In mature environments, teams connect FIM and SCM events to identity records, approval workflows, and credential lifecycle controls. That usually means:
- mapping each monitored file or configuration path to a known NHI owner or workload
- requiring approved, time-bound access before privileged changes are made
- rotating or revoking secrets when a monitored identity changes status
- correlating change logs with entitlement reviews and deprovisioning evidence
This approach is consistent with NHIMG guidance in the Ultimate Guide to NHIs — Lifecycle Processes for Managing NHIs and the Top 10 NHI Issues, where governance failures routinely appear as lifecycle failures rather than pure monitoring failures. It also aligns with the access review and continuous monitoring direction in NIST guidance, especially when paired with NIST Cybersecurity Framework 2.0 functions for protect, detect, and govern.
Where this breaks down is in high-change cloud environments with shared automation accounts, because the same identity may generate legitimate drift, expected deployment churn, and malicious modification all at once.
Common Variations and Edge Cases
Tighter identity governance often increases operational overhead, so teams have to balance auditability against deployment speed and automation flexibility. That tradeoff is real, especially when SCM pipelines and infrastructure-as-code systems are designed to change frequently by design.
Current guidance suggests three common exceptions need special handling. First, ephemeral workloads may not fit traditional review cadences, so governance has to rely on short-lived identity, just-in-time access, and automated revocation rather than manual approval gates. Second, read-only drift can still matter if it exposes secrets or control-plane metadata, so not every “benign” SCM alert is low risk. Third, shared platform identities can blur accountability unless the organisation tags actions to the originating pipeline, job, or operator.
NHIMG’s 52 NHI Breaches Analysis and JetBrains GitHub plugin token exposure illustrate the broader pattern: monitoring often spots the artifact, but governance explains whether the identity behind it should have existed, persisted, or been able to act. That is why best practice is evolving toward joint review of change, entitlement, and revocation evidence instead of treating FIM or SCM alerts as complete control proof.

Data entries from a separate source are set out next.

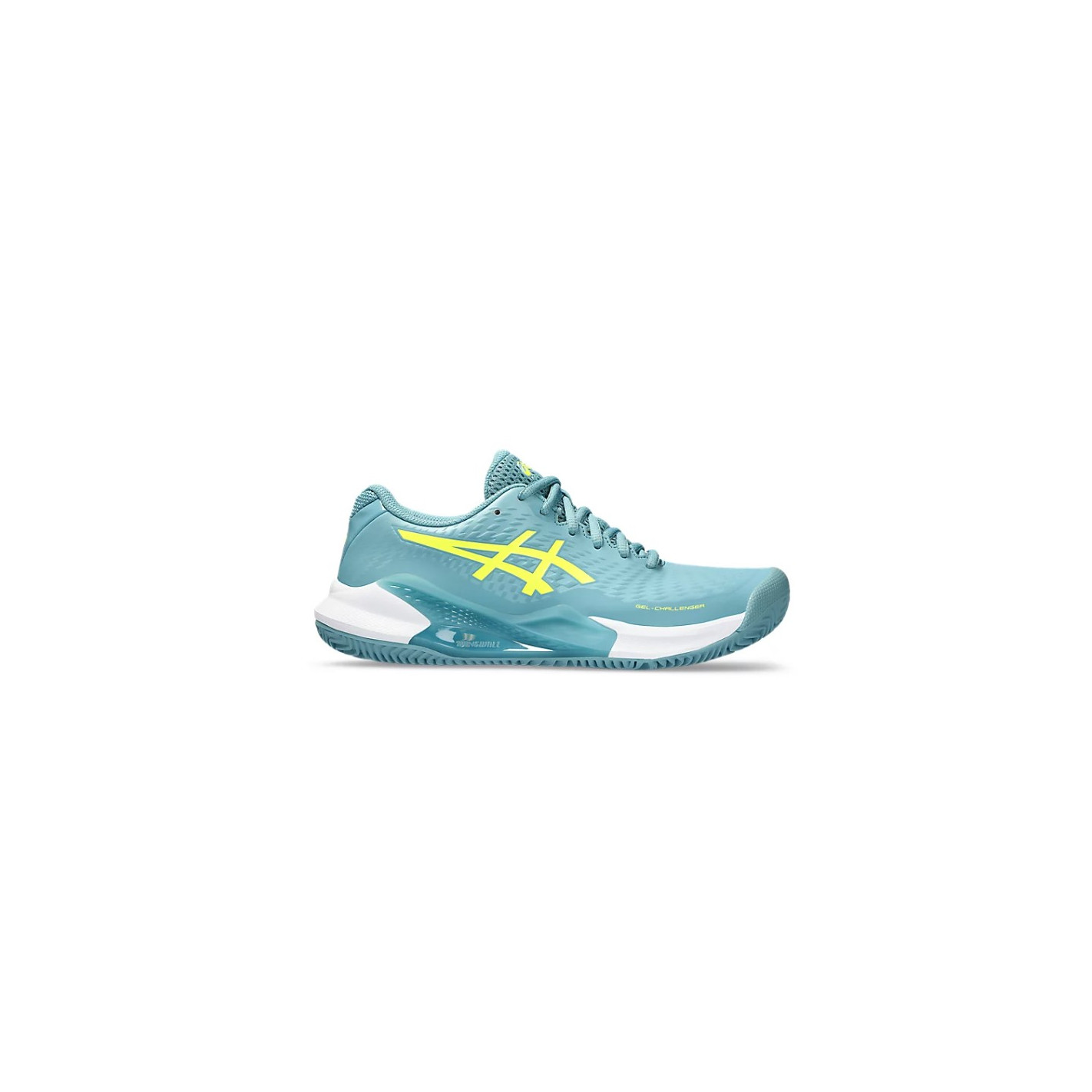 Chaussures ASICS Femme GEL CHALLENGER 14 Terre Battue Turquoise Jaune AH 2023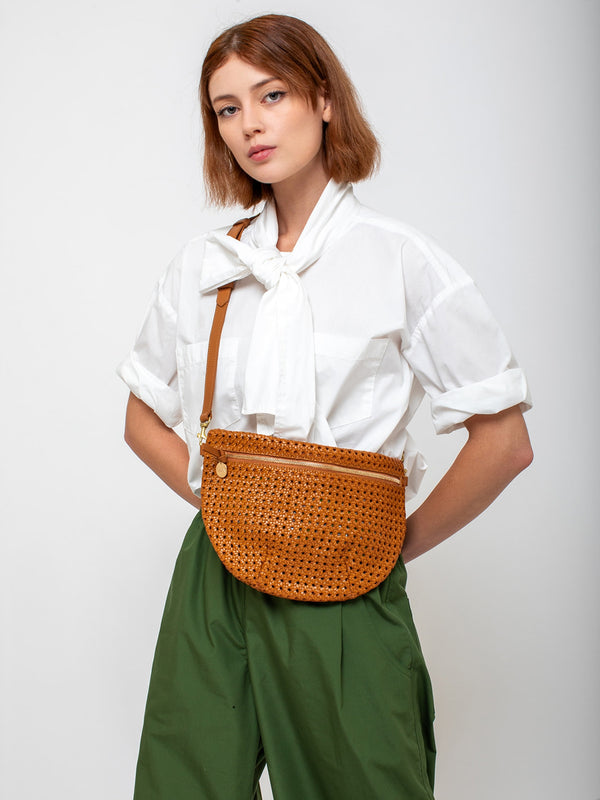 Clare V. - Grande Fanny - Tan Rattan - Verdalina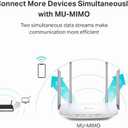 TP-Link AC1200 WiFi Router (Archer A54) - Dual Band Wireless Internet Router, 4 x 10/100 Mbps Fast Ethernet Ports, EasyMesh Compatible, Support Guest WiFi, Access Point Mode, IPv6 & Parental Controls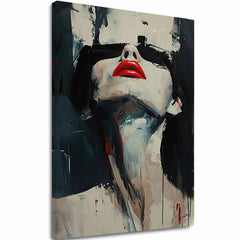 Η εικόνα στον καμβά Red Lips - Dramatic Design - εικόνα 2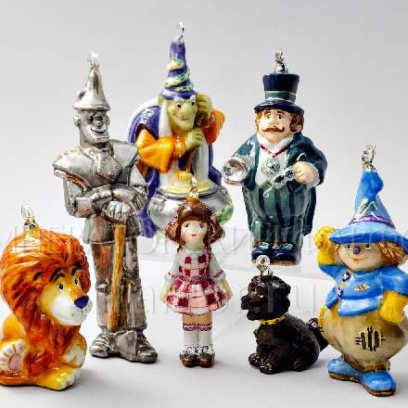 Набор елочных игрушек в подарочной коробке Волшебник изумрудного города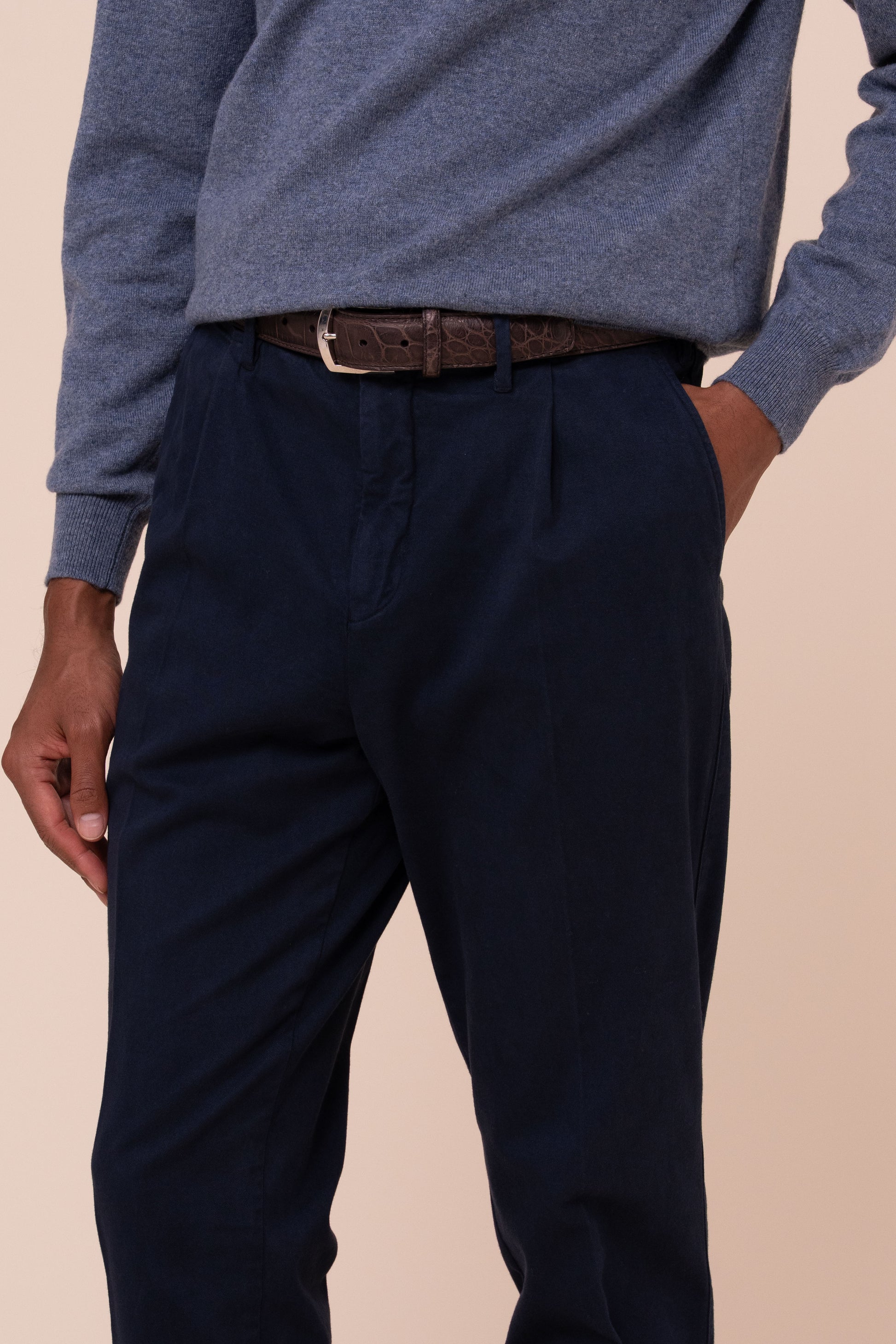 Lord Twill Old Straight Leg Pants - MIDNIGHTBLUE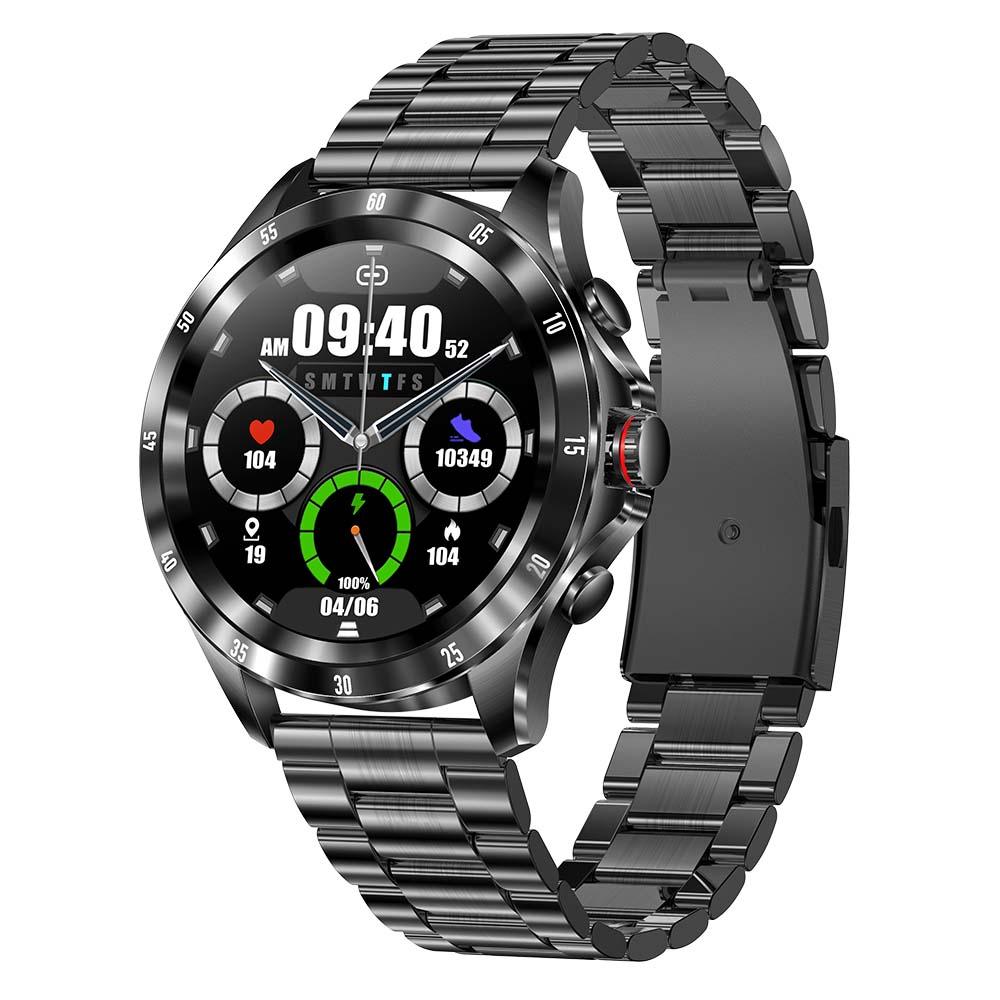 Smartwatch de luxo Imperio LIGE Vancouver com funções inteligentes, design refinado e alta durabilidade. Perfeito para homens exigentes e conectados.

Standards & Framework Alignment
This section maps relevant standards and security frameworks to the operational risks and controls described in this guidance.
OWASP Non-Human Identity Top 10 address the attack and risk surface, while NIST CSF 2.0 and NIST AI RMF set the governance and control requirements practitioners need to meet.
| Framework | Control / Reference | Relevance |
|---|---|---|
| OWASP Non-Human Identity Top 10 | NHI-03 | Covers credential lifecycle gaps that FIM or SCM cannot prove or revoke. |
| NIST CSF 2.0 | GV.OV-01 | Governance oversight is needed to connect change evidence to approval and accountability. |
| NIST AI RMF | AI risk governance logic applies to any autonomous or automated identity-driven change path. |
Require governance evidence that each change was approved, scoped, and owned before accepting FIM or SCM alerts as complete.